A48067). The QUIAGEN extraction kit was used to extract viral RNA. Using Quick Dx Applied
Biosystems 7500 real-time PCR instruments, the purified nucleic acid was reverse transcribed
into cDNA and amplified using the TaqPathTM COVID 19 RT PCR Kit in one stage. Probes annealed
to three unique SARS-CoV-2 target sequences: ORF1ab, nucleocapsid (N), and spike (S)
primers/probes for bacteriophage MS2. The result was deemed null because two of the three
genes and the MS2 (positive control) were all positive. COVID-19 was diagnosed whenever a
positive real-time RT-PCR result was identified.
2.4. Laboratory procedures. Laboratory data included complete blood count by automated blood
counter, liver and renal function tests by colorimetric method, examination of hemostasis
parameters, inflammatory markers, serum Na, Serum K, serum Ca, urine dipstick test and
arterial blood gas analysis.
2.5. Definitions. Acute kidney injury (AKI) was identified according to the guidelines of
Kidney Disease Improving Global Outcomes (KDIGO). It is defined as any of the following: (I)

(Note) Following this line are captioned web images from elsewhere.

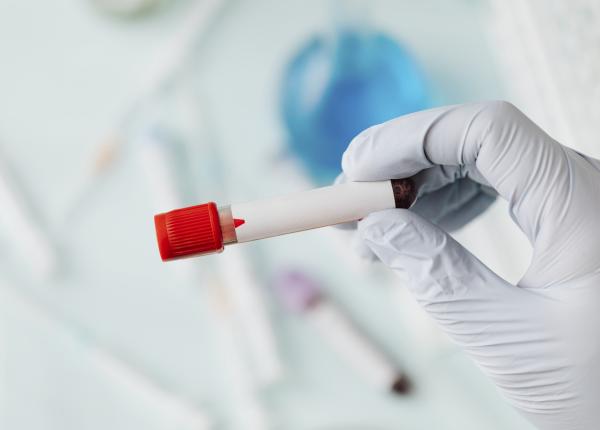 ce inseamna daca ai transaminazele crescute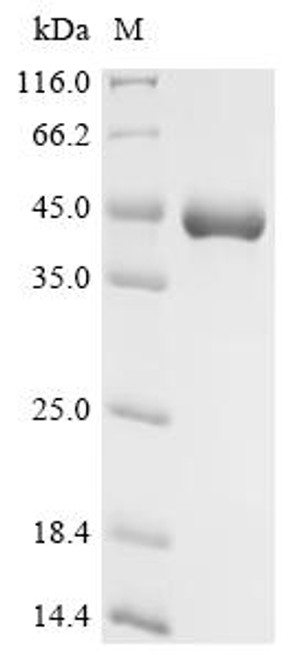 Recombinant Pandinus imperator Phospholipase A2 imperatoxin-1, partial (CSB-MP352987PAU)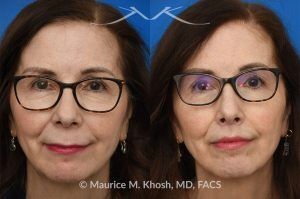 Photo of a patient before and after a procedure. Lip Lift - before and after lip lift procedure showing natural enhancement and improved shape of the lips.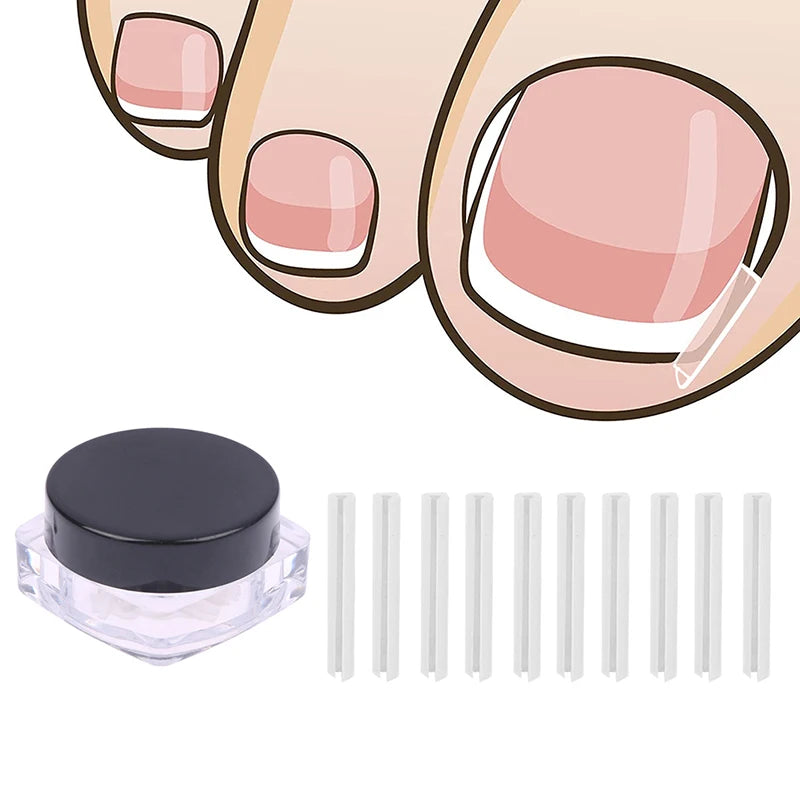 10Pcs Paronychia Treatment Recover Corrector Pedicure Tools Nail Correction Stickers Ingrown Toenail Corrector Patches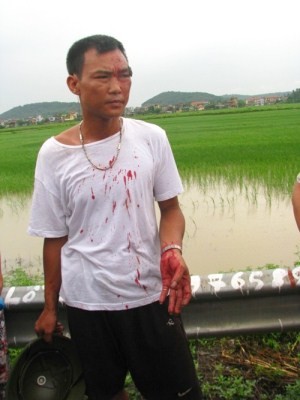Anh Nguyễn Văn Cường (trú tại xã Liên Bão, Tiên Du, tỉnh Bắc Ninh) bị những người tháp tùng đại đức Thích Tâm Mẫn đánh chảy máu đầu.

an S.cr increase ≥0.3 mg/dL (≥26.5 μmol/L) within 48 h; or (II) an S.cr increase to ≥1.5
times baseline within the previous 7 days; or (III) a urine volume ≤0.5 mL/kg/h for 6 h. AKI
is staged for severity according to the criteria presented in Table (1). (11) Urine output
criteria were not used consistently for the diagnosis of AKI due to a lack of daily urine
measurement in the electronic chart.
The Sequential Organ Failure Assessment (SOFA) score was developed as a morbidity severity
score to focus on organ dysfunction, which can reliably predict disease severity and outcome.
It includes 6 variables, each representing an organ system presented in Table (2). (12)
Statistical Analyses. The SPSS software, version 26, was used for statistical analysis. ANOVA
and univariate logistic regression analysis [odds ratio (OR) and 95% confidence intervals
(CI)] were performed (significance level: P < 0.05).
Ethics statement. In order to maintain and ascertain the rights of patients without
jeopardizing their privacy and confidentiality, informed verbal consents, in lieu of written
informed consents, were obtained directly from all patients or their relatives. The
requirements to obtain written informed consents were not attainable due to the inherent
hazardous and contagious nature of COVID-19 epidemic, the strict restrictions by the hospital
management, and the urgency of collecting the data.